The Impossible Virgin

Sometimes it helps to look back when looking forward. My son is wanting to write a novel, and so, from time to time, he comes to me and says, "Mom, I have an idea for a book." Often, his ideas are not novel enough, but he does not know this because he has not read enough to know what has already been written.

Good writers are first good readers. Voracious readers, in most cases. How good I am depends upon who is asking the question, but I was once a voracious reader of novels. Mom is to blame. She took me to the library, weekly in the summer, and guided my reading, from my middle school years until her death. When I was a teenager, I enjoyed thrillers and what mom called "mysteries" which were billed as gothic suspense. When she handed me The Impossible Virgin, having plucked it from the shelves of the Jefferson Public Library, I was a bit shocked. It did not look at all like a mystery, with its modern art cover and titillating title. But mom had earned my absolute trust in such matters, so I put it in my checkout pile.

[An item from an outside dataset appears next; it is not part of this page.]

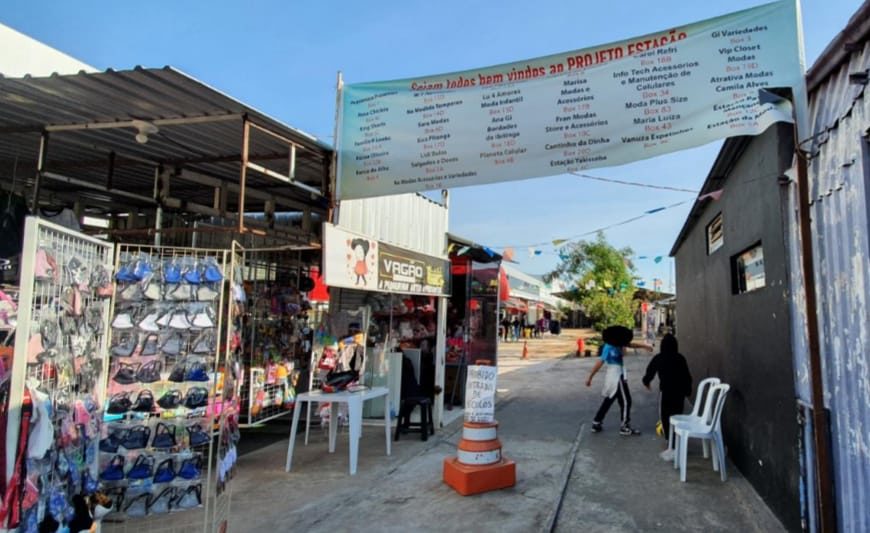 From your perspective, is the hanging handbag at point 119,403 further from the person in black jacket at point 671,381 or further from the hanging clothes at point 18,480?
the person in black jacket at point 671,381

Since The Impossible Virgin is the fifth story in the series of Modesty Blaise novels, I had a bit of a chore figuring out the backstory, but these books stand alone well enough, especially the early ones, so I was soon engrossed. O'Donnell published eleven novels and two books of short stories starring Modesty Blaise, who is a far more entertaining figure that Ian Fleming's James Bond. As a teenager, I was only able to find four of them, all via the local libraries. As a young adult, I read a couple more, and after the internet made shopping used books much easier, I managed to purchase all of the series, save one.

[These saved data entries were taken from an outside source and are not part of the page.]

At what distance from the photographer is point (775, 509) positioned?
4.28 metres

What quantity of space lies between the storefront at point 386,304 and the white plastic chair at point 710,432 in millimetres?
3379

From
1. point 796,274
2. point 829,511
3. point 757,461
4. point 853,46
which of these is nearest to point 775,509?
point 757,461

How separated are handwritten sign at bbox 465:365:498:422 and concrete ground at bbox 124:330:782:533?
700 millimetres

When I published The Gift Horse, a reporter at our local paper conducted a telephone interview, and she asked me what influenced my writing. My answer was "reading the news" and certainly reading some of the odd stories that are online have been in the back of my mind when I wrote some of the scenes that readers have called "fantastic" or "implausible," but another influence, one harder to describe, are all of the characters, plot devices, and action scenes in the fiction I read for years and years, prior to taking on the task of novel writing myself. As a writer, I rely on what has already been written, for research, or merely for ideas.

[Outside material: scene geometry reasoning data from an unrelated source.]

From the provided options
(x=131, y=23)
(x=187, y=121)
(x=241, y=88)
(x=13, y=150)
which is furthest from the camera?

Recently, my son proposed a scene, where a character is strapped to a chair, and as I listened to what he thought was a great idea, I said, "Wait a minute... that has already been written, and you must see how he did it." Immediately, I went to one of the numerous book cases in my home, pulled out an old paperback copy of The Impossible Virgin and had my son read the scene, written by a master, almost 40 years ago. I've read many, many action/adventure novels, and the first five novels in the Modesty Blaise series are among the best.

I do hope that my son is able to realize his dream and write a good action novel. But he has not yet read enough to be ready for the task.

In looking for a few details, I noticed that there are now some web based resources for O'Donnell fans, including a website, and more than a bio on Wikipedia, and I am linking to those for any readers who want to know more about this wonderful writer, who also wrote gothic suspense under the pen name Madeline Brent.